Do you know, why the hell am I taking about money here now?? I work in sales and as important as money is to me, it is not everything. I consider myself to be in a healthy position being like that. This is all about the sport, all about the great stage in my own country (and I really wish I was back there in the middle of it). It is something that only comes around once every four years like the football World Cup and so many other tournaments, and it brings so much joie de vivre. As a sportsman I have been on a constant buzz. I have watched nothing else on the TV, flicking between just two channels for the last 10 days. Last night I witnessed a pinnacle of sporting phenomenalism in Usain Bolt. Despite being in the off-season and loving the summer rest, I have been dribbling my hockey ball with my stick around my apartment; watching hockey everyday at these games is driving my will to pre-season training.
It's not only the Olympics; in June we had the football Euro Championship, another month of joie de vivre for me. The Olympics only last two-and-a-half weeks, but by God let's party through them. Ce-le-bra-tion time c'mon. Because that is what a tournament is. They come and go, and they can engross us and spark our emotions in so many ways. Joy, elation, determination, anger, pain, relief, dejection, disbelief, shock, happiness, satisfaction, respect. That Olympic cauldron could well be a meltin' pot of every kind of burning emotion there is in the stadium. It brings all the ingredients of life together in the same recipe. Just add people and mix. I smile watching every event.
Buzz.
Alive.
Every hockey tournament I have played in is the same. I set out my stall and dive headlong at them. Whether it is a serious one with sporting prowess at stake, or a summer social, fun one flowing in beer. I don't just play them, I live them. I remember in 2005 playing in the European Cup Winner's Cup in Lille, France. I played, lived and breathed hockey for 6 whole days with a band of brothers. I got home aching and tired, my legs running on empty, the callouses at the base of my fingers from years of holding a stick harder then ever, but so damn happy. My body needed a complete rest but my mind never rests; it hit dribbled, passed and celebrated many more hockey balls over the following days. It is doing it right now. And we didn't even come anywhere near winning. I witnessed Club Campo de Madrid lift the cup and sing and dance their way out the stadium and I applauded them. I played against Olympic gold medalists, I made new friends. I even got all the French kids involved in cheering for us. They are the future, we need to make these occasions great for them because how they grow will be how they will run the world in years to come...even though that goes further than sport. Instead of emulating Jordan, The only way is Essex, Geordie shore and Big Brother contestants, we need our kids to look at Brits like Jessica Ennis, Sir Chris Hoye, Mo Farah and so many more. And as the world comes together in these moments, how can anyone not look up to Usain Bolt?
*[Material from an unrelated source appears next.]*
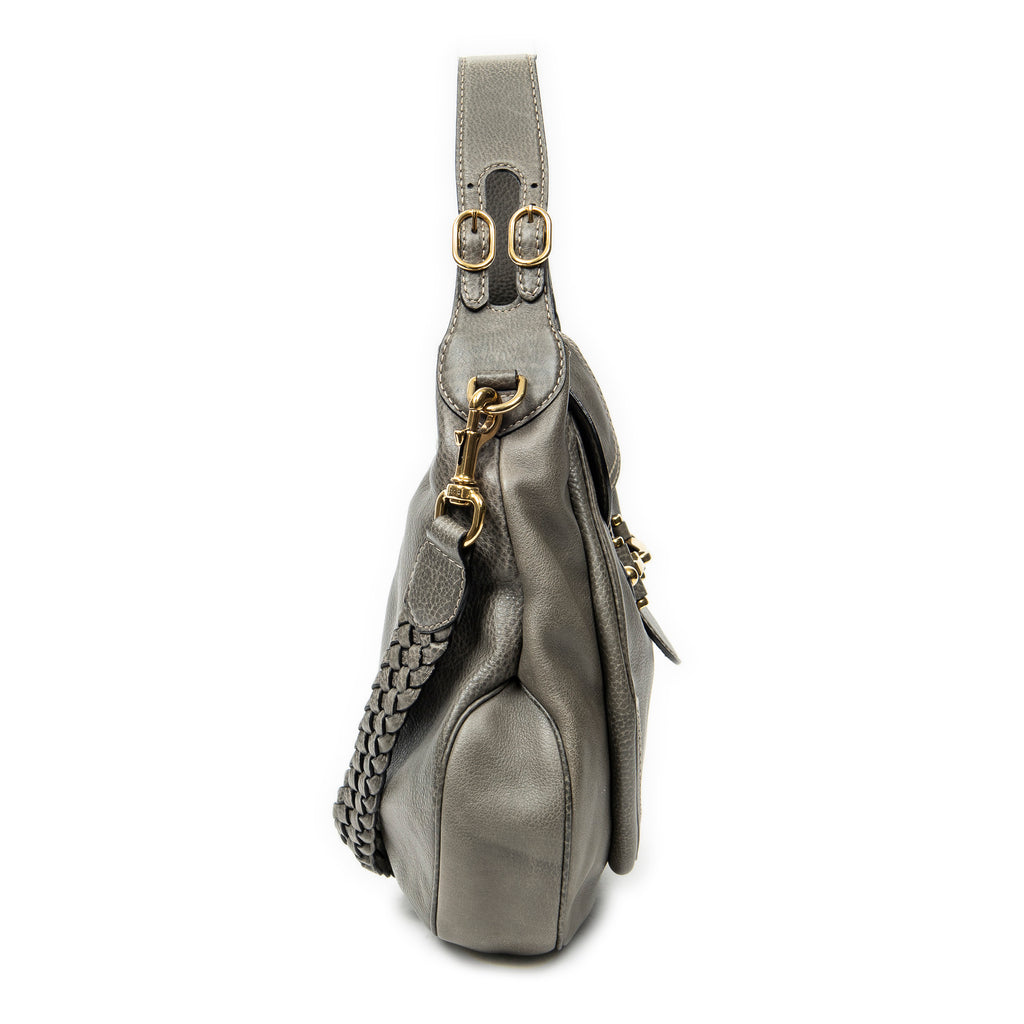 Shoulder Bag Large New Pelham Hobo Grey Grained Calfskin Leather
I think everyone needs a tournament in their lives, everyone needs that buzz and to feel alive, whether you like sport or not. I think everyone can at least appreciate it. The whole recipe is there in the Olympic cauldron; go on, take a spoon, stir, dip it in and try it. It has set the country and myself alight. So once again, just in case you didn't get it the first time, a big middle finger in ya face to the killjoys. Olympic or not, you need to see the flame burning bright in your day.